Financial Times editor Madison Marriage and her team led a monthslong investigation into the resignation of Guardian columnist Nick Cohen, who her reporting showed left the paper after a sexual-misconduct investigation. According to the Times, however, the Financial Times spiked the story, arguing Cohen did not have a large enough profile to warrant an “F.T. story.”
The axing of Marriage’s story led The New York Times to conduct its own investigation, speaking to multiple women who accused Cohen of sexual misconduct. One then-editorial assistant, Lucy Siegle, said Cohen grabbed her behind as she stood at a photocopier in 2001, with five other women saying he did the same at different bars. Another woman, an unpaid copy editor, said he repeatedly offered to send nude photos to her as recently as 2018.
Cohen, who wrote a left-wing column for the Guardian’s sister publication The Observer, resigned in January on “health grounds” in a public statement. He told the Times he was surprised that multiple women had come forward, but he did not directly address any specific accusation. He instead cited his past alcohol addiction as a cause for any misbehavior.
“I have written at length about my alcoholism. I went clean seven years ago in 2016,” he told the Times. “I look back on my addicted life with deep shame.”
But as the Times independently looked into Cohen’s alleged misconduct, it also revealed why the Financial Times story never went to print.
Marriage is a veteran reporter who has repeatedly covered subjects who’v e faced serious scrutiny—and, at times, charges—for sexual misconduct. She was named special investigations editor in September and had her reporting into abuses of power highlighted by Financial Times editor Roula Khalaf in a 2022 year-end note to the newsroom, according to the Times. Her investigations, Khalaf noted, would be a priority for 2023.

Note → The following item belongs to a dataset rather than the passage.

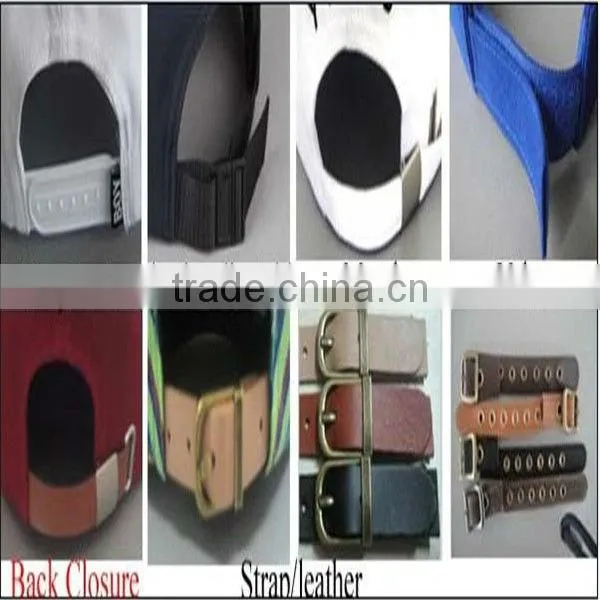 Duck fashion red made in china custom 5 panel hats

However, Khalaf seemed determined to steer Marriage away from focusing on British media, according to the Times. She ordered Marriage to not speak to new sources for her Cohen investigation, and when Marriage filed her story in February, Khalaf said she would only run it if it was filed to the opinions desk. Marriage obliged, but Khalaf still did not let the story run.
It was ultimately unclear why the Financial Times did not run the investigation, particularly as the outlet has not shied away from highlighting sexual improprieties in other sectors like technology and the lobbying industry. Some FT employees suggested to the Times that the paper was hesitant in turning the spotlight inward on the British media.
The Financial Times did not immediately respond to a request for comment. In a statement to the Times, a spokesperson noted that “some reporting leads to published stories and some not.”